TCD系ポリエステルを構成するトリシクロデカンジメタノール以外のグリコール成分としては、エチレングリコール、1,2−プロパンジオール、1,3−プロパンジオール、1,4−ブタンジオール、2−メチル−1,3−プロパンジオール、1,5−ペンタンジオール、1,6−ヘキサンジオール、ネオペンチルグリコール、3−メチル−1,5−ペンタンジオール、1,9−ノナンジオール、2−エチル−2−ブチルプロパンジオール等の脂肪族グリコール、1,4−シクロヘキサンジメタノール、1,3−シクロブタンジメタノール等の脂環族グリコール、グリセリン、トリメチロールエタン、トリメチロールプロパン、ペンタエリスリトール等の3官能以上のアルコール等が挙げられる。

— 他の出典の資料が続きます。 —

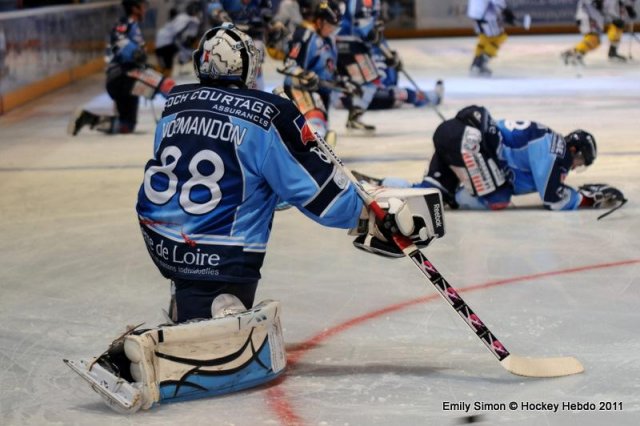 Photo hockey reportage Finale Coupe de France 2011 : Reportage photos 4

TCD系ポリエステルを構成するジカルボン酸成分として、例えば、芳香族ジカルボン酸、飽和脂肪族ジカルボン酸等を組合わせて用いることができ、芳香族ジカルボン酸と飽和脂肪族ジカルボン酸を併用する場合、モル比(芳香族ジカルボン酸成分/飽和脂肪族ジカルボン酸成分)は70/30〜95/5であることが好ましく、73/27〜93/7であることがより好ましく、75/25〜90/10であることがさらに好ましい。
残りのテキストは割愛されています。